Putri Dari Akkadia: Cinta Setinggi Langit Dan Bintang

Hidup Seperti Seorang Lee



Hidup Seperti Seorang Lee

0Perjalanan pulang ke Singapura berlangsung begitu cepat. Semua siswa mendapatkan boarding pass mereka masing-masing dari Madame Delaval dan berbaris masuk pesawat dengan rapi sesuai petunjuk pramugari.     

"Wahh... Bianca, kau mendapatkan upgrade!" terdengar suara kedua dayang Bianca antusias membicarakan boarding pass yang diterima si ratu kelas A.     

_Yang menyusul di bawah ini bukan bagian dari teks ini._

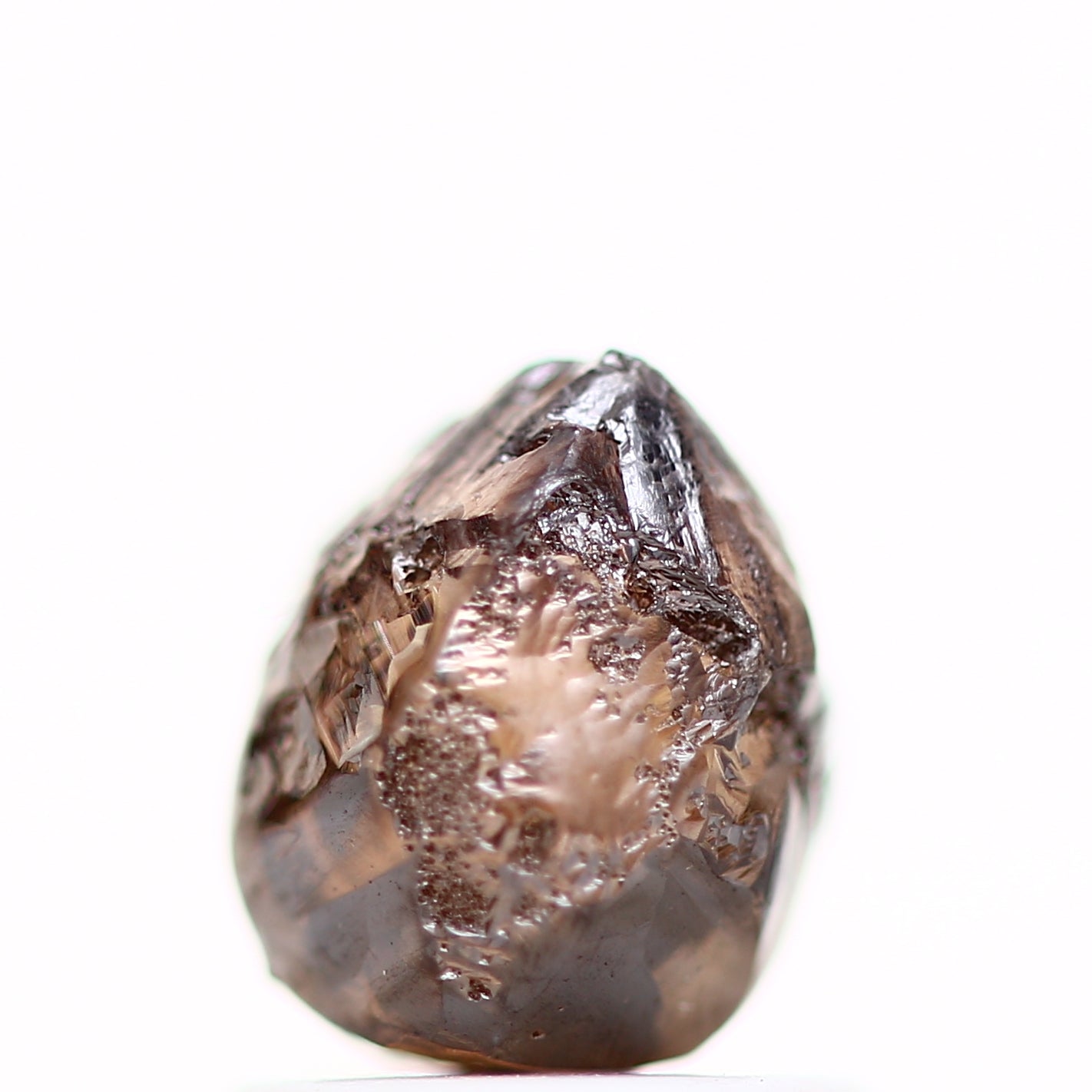 1.75 Carat Natural Fancy Cognac Brown Crystal Raw Rough Diamond 6.6 MM - Blackdiamond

"Yah, karena ayahku sering melakukan business trip, milesnya sudah sangat banyak dan ia menggunakan milesnya untuk membuatku diupgrade ke kelas business," kata Bianca sambil mengangkat bahu. "Seharusnya di perjalanan ke Paris kemarin aku juga bisa di-upgrade, tetapi semua kursi business sudah penuh. Untungnya sekarang masih ada beberapa kursi kosong."     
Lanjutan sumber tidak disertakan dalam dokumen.